HIV+ Deceased Donor Heart Transplant Study for HIV+ Recipients

Part of paid clinical trials in Dallas, Texas.

Sponsor
University of Texas Southwestern Medical Center
Study ID
NCT06659952
Status
Recruiting
Apply to this trial

Conditions

Eligibility Criteria

Sex
ALL
Age
18 Years - N/A
Healthy Volunteers
Not accepted

Interventions

  • HIV-positive heart transplant — OTHER
    Receipt of heart from HIV-positive deceased donor only as part of this study

Study Details

This will be a prospective single-center interventional trial to compare the outcomes of HIV-positive heart transplant recipients by the HIV status of the donor; HIV-positive vs. HIV-negative and learn whether heart organ transplantation from HIV+ deceased donors is as safe and effective in HIV+ recipients as transplants from HIV- deceased donors. Patient will undergo standard evaluation for eligibility of transplantation by the primary heart transplant team. If patient meets eligibility criteria, they will be informed about the study and consent will be obtained. Informed consent will be obtained in a private clinic or inpatient hospital room in a confidential setting.

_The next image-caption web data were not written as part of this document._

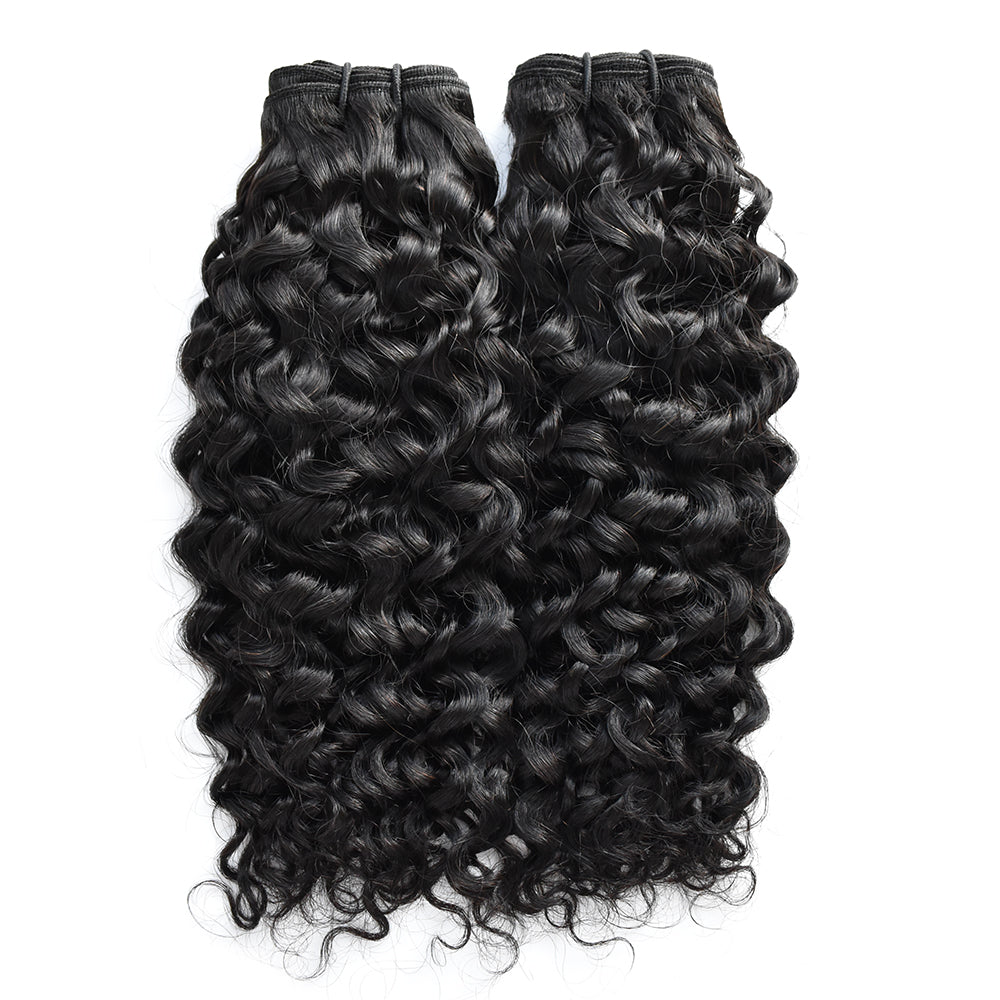 10A Water Wave Hair Bundle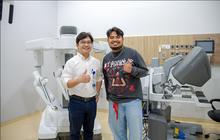 Canggih! Rigen Operasi Batu Ginjal Pakai Robot di RS Mandaya Royal Puri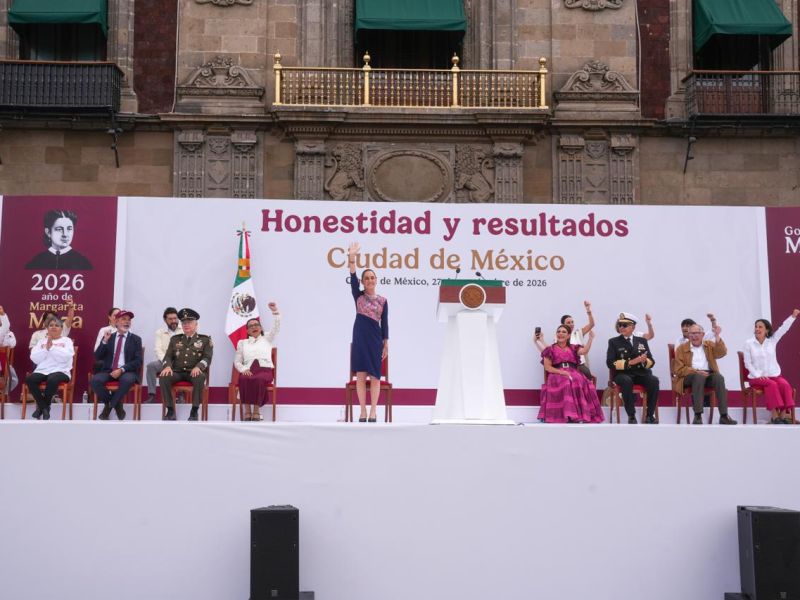 Rendir cuentas es un acto de congruencia y obediencia al pueblo; Presidenta Claudia Sheinbaun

HIV-positive or HIV-negative offers will be made by Organ Procurement and Transplantation Network (OPTN) (serving as a means of "natural randomization" and this information will also be collected, along with the information regarding any information for primary offer declines from the patients as well as other clinical indications to decline an organ offer. As a result of this, there will be two main groups in the study participants that will undergo analysis: 1. patients/recipients that are HIV+ who receive an organ from an HIV+ donor (HIV D+/R+ group) 2. patients/recipients that are HIV+ who receive an organ from an HIV negative donor (HIV D-/R+ group) Only study participants will be able to receive organ offers from both HIV-positive and HIV-negative organ donors whichever is available first regardless of HIV status. This is the only study intervention. Baseline visit parameters will be obtained during a routine heart transplant visit. There will be no additional procedures or blood collection after the baseline study visit. Study data will be collected from chart review of routine post-transplant follow-up visits at weeks 52 (1 year), 104 (2 years), and 152 (3 years) after the transplant.

Key Dates

Start date
Nov 13, 2024
Status verified
Jan 2026
Primary completion
Oct 31, 2034
Completion
Oct 31, 2034

Study Design

Enrollment
50 participants (estimated)
Allocation
RANDOMIZED
Intervention model
PARALLEL
Primary purpose
TREATMENT

Arms

  • Experimental: HIV D+/R+ Arm
    If HIV+ donor heart is available prior to HIV-negative donor heart, HIV-positive participant who agreed to receive HIV+ donor heart as part of this study receives the organ (heart) from an HIV- positive donor.
  • No Intervention: HIV D-/R+ Arm (Control Arm)
    If HIV- donor heart is available first, the HIV-positive participant receives the organ (heart) from an HIV- negative donor as part of standard organ waitlist/ clinical care.

Primary Outcome Measure

Time to a composite event of all-cause-mortality, graft failure, graft function [ Time Frame: 4 years post-transplant ]

Central Contacts

Locations (1)

FacilityCityStateZIPSite coordinators
UT Southwestern Medical CenterDallasTexas75390
Ricardo La Hoz, M.D.
[email protected]
214/648-2163
Emily Wong
[email protected]
214/648-2287
Ricardo La Hoz, M.D. (PRINCIPAL_INVESTIGATOR)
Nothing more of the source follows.